We use a subset of CUE, essentially JSON without as many quotes or commas. The LLMs are quite flexible with few-shot learning. They can be made more reliable with fine-tuning. They can be made faster and cheaper with distillation.

Yes as the abstractions gets better it becomes easier to code useful things.
the debate is about how valuable the abstraction here is to warrant a library, and the fact that it predefines the prompt and api call flow, so you cannot prompt engineer or use something like CoT/ToT
This amounts to saying ‘how dare someone publish some code that they wrote!’

Is it your impression that this is being pitched as some grand solution?

That this was published as a way to shut out other people from doing the same thing in other ways?

Can’t we just look at a cool thing someone did, and released for other people to play with, and say ‘huh! That’s neat!’ And get inspired?

except it's not neat or novel, this idea has been around and implemented for many months now, by many people, using many methods. Running a tool on the output and then feeding that back to the LLM, also not novel and a widely used technique

> We'd love to know if TypeChat is something that's useful and interests you!

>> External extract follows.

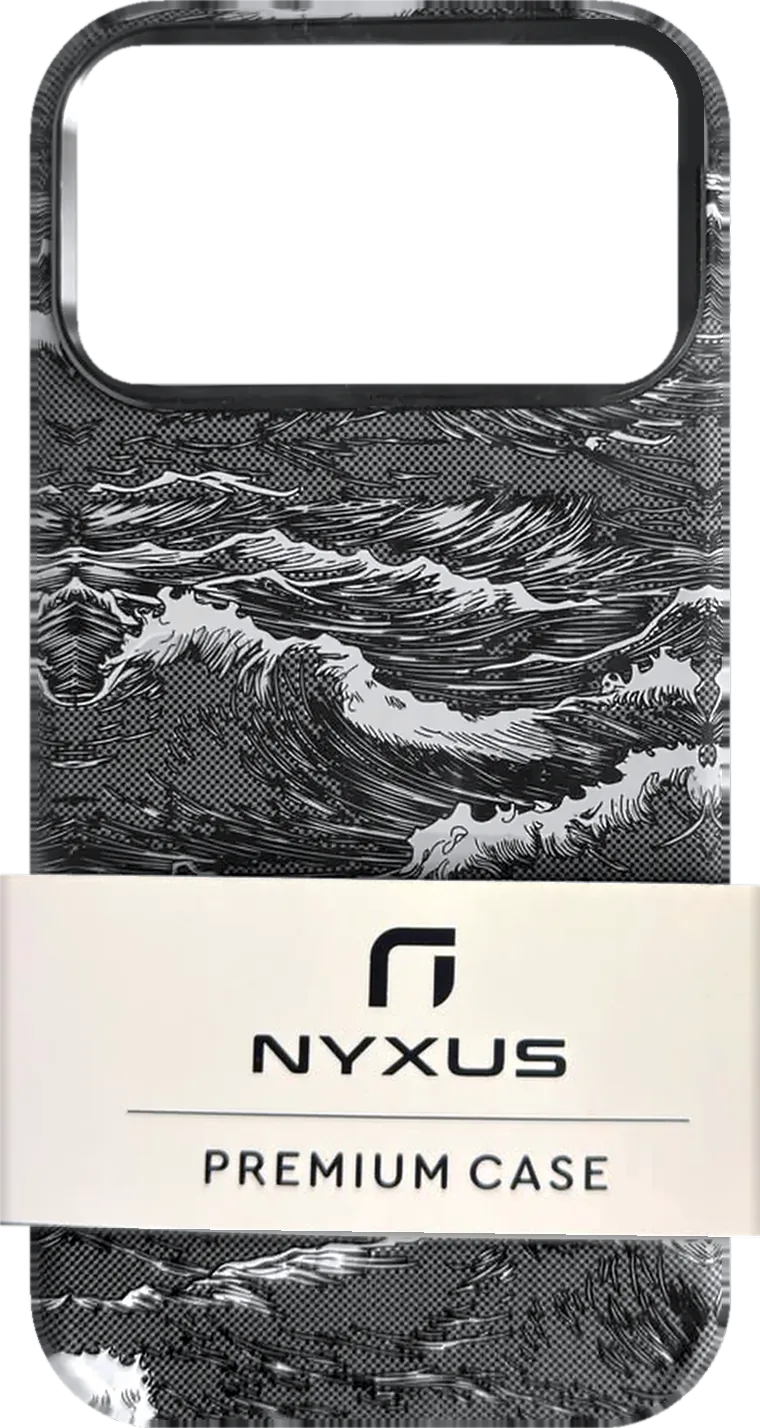 Midnight Tide premium case for iPhone 17 Pro Max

We are providing feedback to them here

People can debate till the cows come home. But it's worth remembering that hacker news is about stimulating intellectual curiosity.

There's no reason for this to have a fixed flow, either - it's got a hint of diagonalizability to it - by which I mean, you can get the model to build a schema for dynamic flows, given a 'bootstrapping' schema. No different than what has always had to happen for someone to write a compiler for a programming language in the language itself.

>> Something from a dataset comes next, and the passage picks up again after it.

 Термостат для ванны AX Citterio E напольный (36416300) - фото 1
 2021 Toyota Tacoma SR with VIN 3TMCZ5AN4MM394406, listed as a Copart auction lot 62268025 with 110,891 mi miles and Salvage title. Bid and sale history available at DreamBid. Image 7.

Getting these models to reliably return a consistent structure without frequent human intervention and/or having to account for the personal moral opinions of big tech CEOs is not trivial, no.
There are multiple ways to get structured output, and what this library is doing is not really that interesting. The concept is interesting and has had multiple implementations already, the code (and abstraction) here is not interesting and creates more issues than it solves
Tell me how to get reliably structured output. I'm all ears.
I have a prompt from February pre chatgpt and now I just use the models functions support, it's built for exactly that
It’s essentially prompt engineering as a service with some basic quality-control features thrown in.

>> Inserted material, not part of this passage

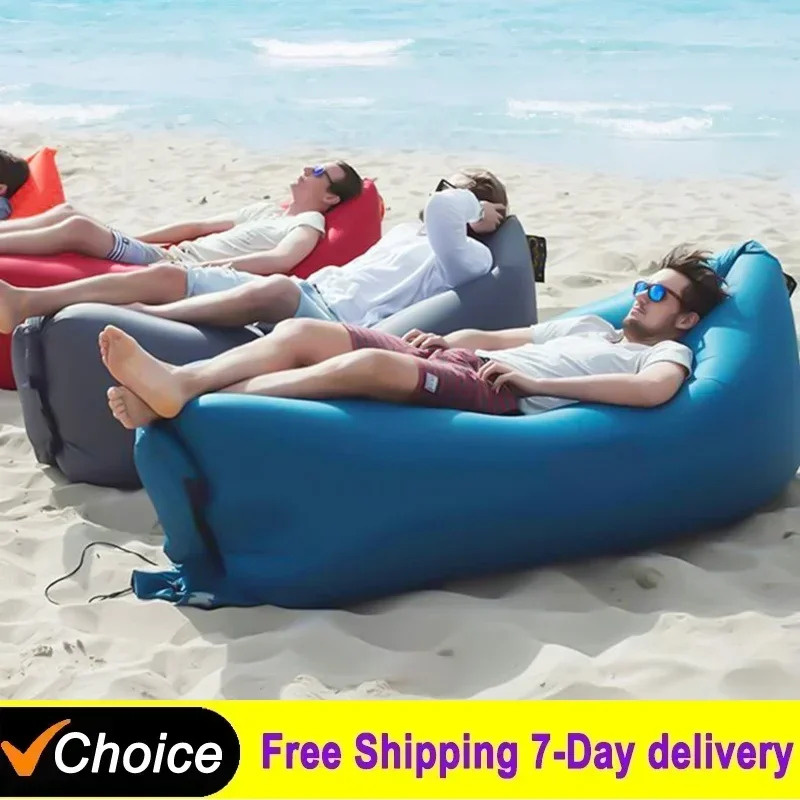 Outdoor Portable Inflatable So - Outdoor Furniture Material ulasan dan harga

Sure, your engineers could implement it themselves, but don’t they have better things to do?

the quality of the prompt does not look that good from my experience reaching flexible structured output based on a schema

There are other questionable decisions and a valuable use of engineering time is indeed to evaluate candidate abstractions and think about the long-term cost of adopting them. In this case, it does not seem like it saves that much effort and in the long run means a lot of important LLM knobs are out of your control. Not a good tradeoff

You can probably define the python language grammar as a typescript type though!